▶ PROBLEM TO SOLVE: The material beneath this line should be printed exactly, with its pictures omitted.

▶ GIVEN INFORMATION:
* * *
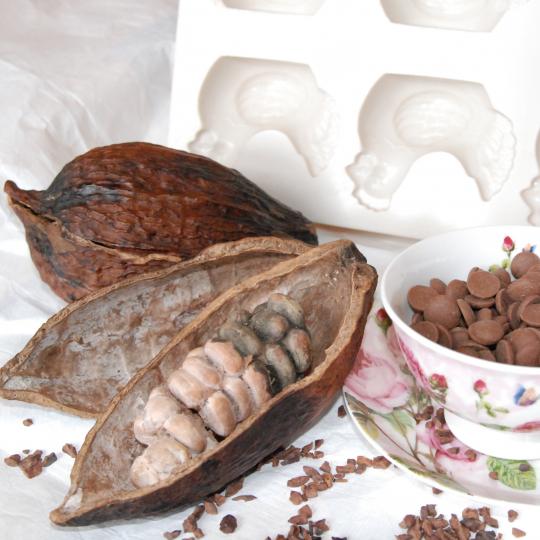 Cabosse ouverte présentant des graines de cacao.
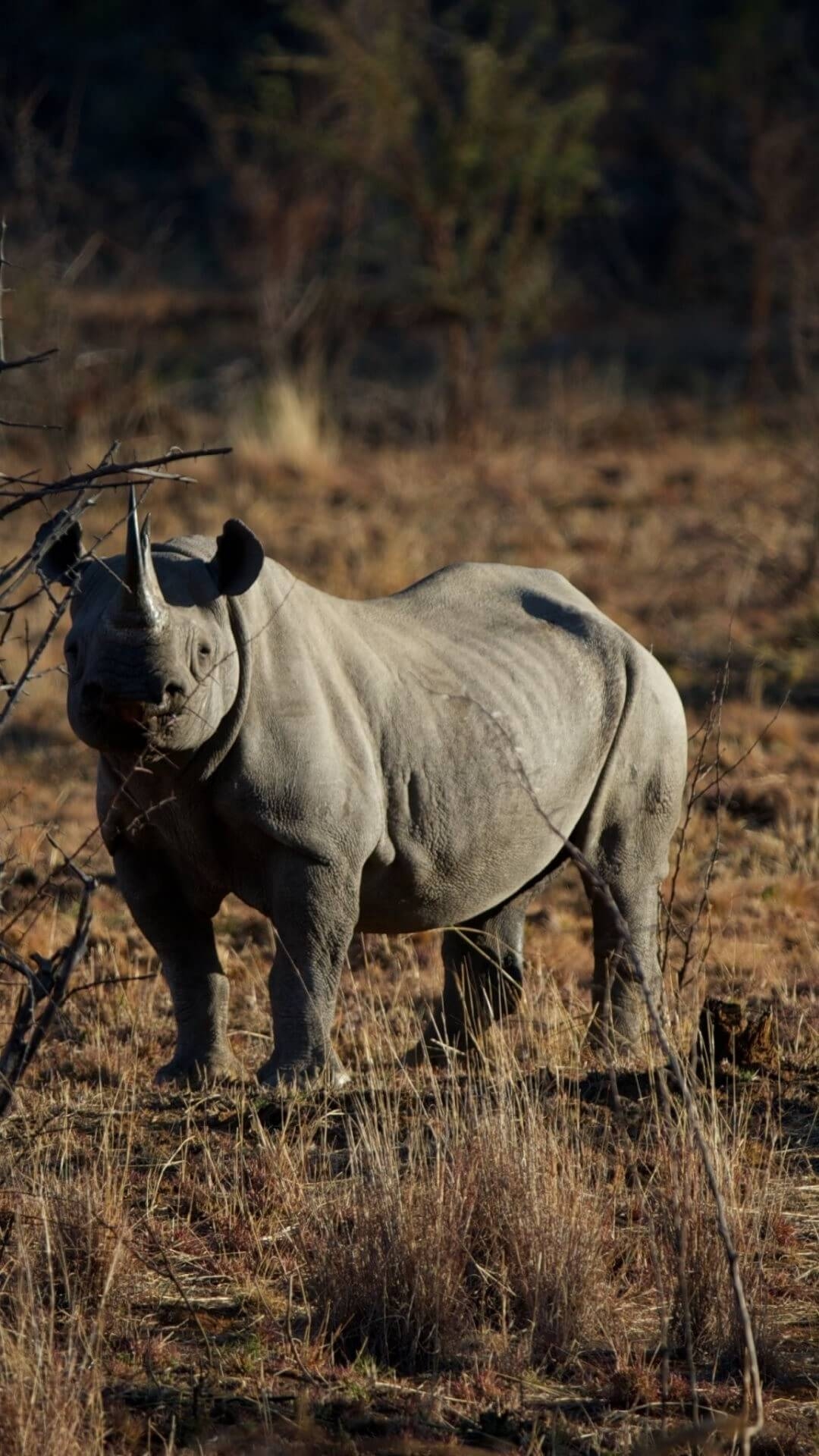 1080x1920 Black Rhino iPhone Wallpaper Background Wallpaper HD, Phone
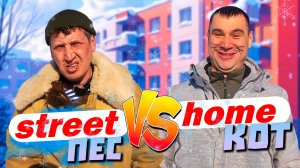 Обычная жизнь домашних животных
* * *
▶ EXERCISE RESULT:
 Cabosse ouverte présentant des graines de cacao.
 1080x1920 Black Rhino iPhone Wallpaper Background Wallpaper HD, Phone
 Обычная жизнь домашних животных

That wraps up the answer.